Of the novels I have read from Cormac McCarthy, Blood Meridian, or the Evening Redness in the West is perhaps the most difficult to describe. It is a harrowing epic following a gang of scalp-hunters across the US-Mexican border in the 19th century. Unlike Homeric epics, however, it has little plot, little drive to move the action from one scene to the next. There is plenty of action, but it seems to arise organically and for no human reason like lava from the ground or like water particles gathering overhead into storm clouds. The kid, who is the closest thing to a main character in the story all but vanishes from the narration for a large swath of the book — he is present in the gang, but McCarthy allows him to fade into the group. As in all McCarthy’s fiction, it reads like a prose poem.
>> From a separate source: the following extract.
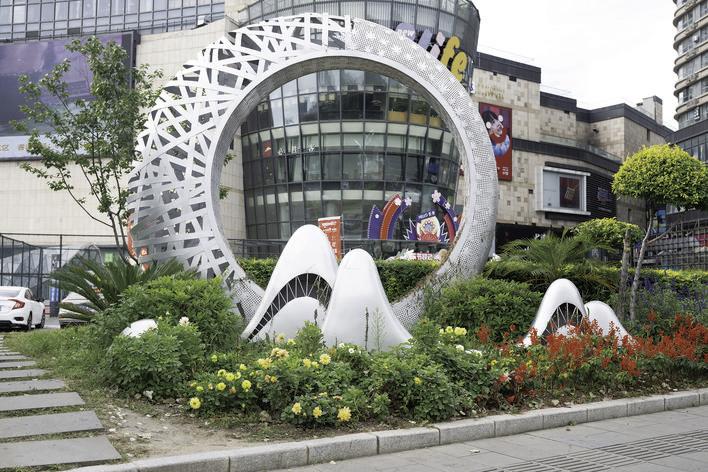 新民广场附近的园林景观。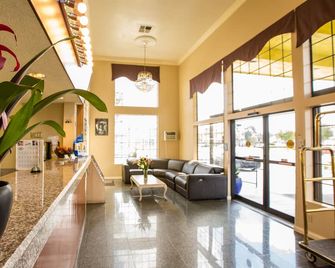 Anaheim Carriage Inn - Anaheim - Hall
The book is perhaps the most violent thing I have ever read and it has little direct commentary on the violence. In other words, Blood Meridian is a nightmare. It does not fit in the genre of horror. It is horror.

McCarthy does not offer horror as Hollywood gives it to us. This is not voyeurism, nor does the book try to make us jump with twists and turns and monsters who show up outside our window. People like to go to horror movies to feel momentarily frightened, but then realize that they are really safe. McCarthy does not let the audience feel safe afterward.

There are monsters in this novel and they are the people inhabiting the wild West. McCarthy removes any last hint of romanticism from the 19th century frontier. No one gets off clean: not the rampaging Glanton gang in search of scalps, not the Mexican towns that hire them for protection only to regret that decision later, not the marauding Apache tribes whose attacks lead the Mexicans to hire the Glanton gang. All are seen as blood-thirsty. They either want revenge, their land, or simply violence. In powerfully descriptive scenes, McCarthy introduces new tools — Colt pistols — that only increase the efficiency with which the Glanton gang can inflict death. The Mexican town initially pays the Glanton gang for each Apache scalp, but when the gang realizes that one scalp looks like another, no matter who’s head it comes from, they begin raiding towns and villages and ambushing peaceful Indian tribes. Perhaps the most frightening aspect of this novel is that it is loosely based on history — the Glanton gang actually existed.

McCarthy gives us some of his most iconic characters from the aforementioned kid, who was born under the Leonid meteor shower and seems to have violence in his DNA, to Toadvine whose earless and tattooed face carries the scars of violence, to Tobin the ex-priest who now finds enlightenment in violence instead of in God, to Glanton himself, a calculating and amoral figure, to finally Judge Holden, a hairless, white giant. If you are familiar with McCarthy’s work, Judge Holden comes across as the great-great grandfather of Anton Chigurh, the unstoppable hired gun with a frightening philosophy in No Country for Old Men. While Holden was an historical figure who apparently did participate in the massacres and was known to kill children, McCarthy turns him into a demonic incarnation. He seems otherworldly beyond his ghostly appearance. The kid first sees the judge during a tent revival when Holden stands up and impugns the preacher’s character with fabricated crimes. Tobin informs the kid that every man in the Glanton gang has a story of encountering the judge before they joined the ravaging troop. His appearance is like an evil apparition calling men to give their souls to violence and greed. We read of the time when the judge met the gang and saved them from Apache pursuers by creating a batch of gunpowder using sulfur and urine on the side of a dormant volcano. While the gang belongs to Glanton, the judge is its spiritual leader. He is not acting out of some uncontrollable drive. We never see him licking his chops like a monster in a Hollywood horror film. Judge Holden believes he is acting in the only sensible way because, as he says,

“[W]ar is the truest form of divination. It is the testing of one’s will and the will of another within that larger will which because it binds them and is therefore forced to select. War is the ultimate game because war is at last a forcing of the unity of existence. War is god.” (249)

McCarthy’s prose and philosophical discussions have always kept his novels from becoming gratuitous. The bleak worldviews do not make the violence in the his writing palatable, but we see that there is a reason behind the terrors we read. In fact these worldviews make the violence that much more frightening. Reading McCarthy is for the most part, not a life-affirming experience — The Road is so far the only exception I have encountered. McCarthy seems to say that life is violence. What we read about in Blood Meridian is not so much an historical anomaly. McCarthy seems to say that such violence is in our bones and still among and within us today.

Blood Meridian is often hailed as McCarthy’s masterpiece, and I can see why. For my money, however, I would give that title to The Road. Regardless, this challenging, frightening, and strangely beautiful book is worth the read. Be forewarned, however, it is difficult and graphic in its depiction of the relentless violence contained within.